Yang ia ingat, saat itu ombak tinggi datang, bergegas ia pun mengajak istrinya yang sedang hamil 9 bulan berlari ke atas gunung.
Terus menghindari gelombang, hingga tak terasa berjalan kaki selama 9 jam demi menyelamatkan diri dan calon buah hati ke atas puncak Gunung Alue Kleng.
Di tengah lelah dengan dada yang berdebar, menjelang maghrib istrinya mulai kesakitan, tiba waktunya sang buah hati lahir. Tanpa persiapan dan bantuan medis, sang putra Razali lahir dengan selamat di atas puncak gunung.

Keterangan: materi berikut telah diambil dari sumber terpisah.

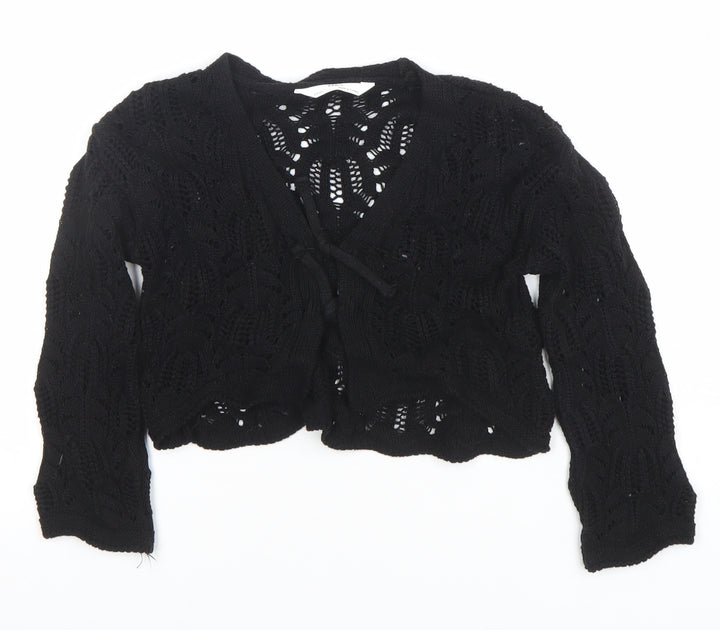 Marks and Spencer Girls Black Knit Tie Front Cardigan 3-4 Years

Hanya berbalut kain jendela, keluarga ini tinggal selama 3 hari 3 malam diatas gunung tanpa makanan yang cukup dan tempat berteduh seadanya bersama bayi mungil mereka.
Kini bayi mungil yang lahir saat tsunami di puncak Gunung Alue Kleng tersebut sudah beranjak remaja. Sehat dan berprestasi.
15 tahun berlalu, cerita tsunami dan keluarga Razali jadi pengingat setiap tarikan napas menjadi ruang untuk bersyukur atas nikmat hidup dari Sang Pencipta.